The other week I had dinner with a dear friend and her daughter, who is 13. My friend’s daughter is interesting and sweet and charmingly quirky, and I’ve known her since she was born. As we were eating, I asked her how she felt about entering high school in September, which led to a conversation on age. “Eight and nine were great,” she said, as were 10, 11 and 12. However, she definitely does not like being 13, and imagines 14 will be similarly awful. “Well,” I blurted, “wait till you get to your 20s. The 20s are the worst! I hated my 20s.”
Her mother was flabbergasted. “I completely disagree with you. I loved my 20s!” Now, a topic for another time is how, once you become the mother of only boys, with no girls to soften you up, you begin to lose your emotional sensitivity chip, and so on occasion make broad (depressing) declarations like “Your 20s will really suck!” My friend may have been trying to make her daughter feel that her future/early adulthood was in fact something to look forward to, not the grim business I apparently experienced.

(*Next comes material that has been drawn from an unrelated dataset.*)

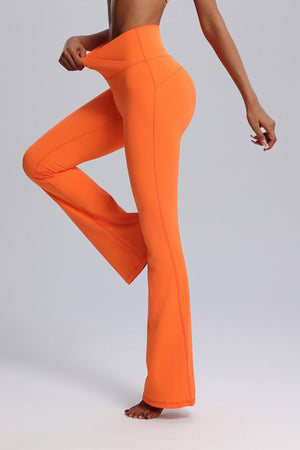 #Orange crossover Waist Flared Yoga leggings with stretch
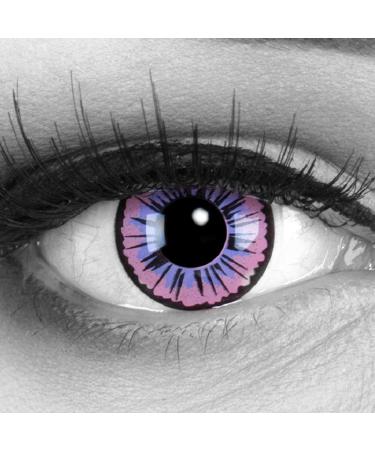 Funnylens 1 pair of colored purple purple crazy fun year contact lenses purple fairy with a black edge perfect for carnival carnival and halloween Halloween.With free lentil container!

Or maybe my friend really did love her 20s. It’s hard for me to imagine, since mine were filled with complete uncertainty—well, except for the one certainty that everyone else in my peer group was on some sort of clear path, while I was lost in a dense fog with nothing to eat and no GPS. Luckily, my 30s were better; my 40s are better still.
And so my question for all of you: Absent major misfortune, which do you think is the hardest decade in a woman’s life? And why?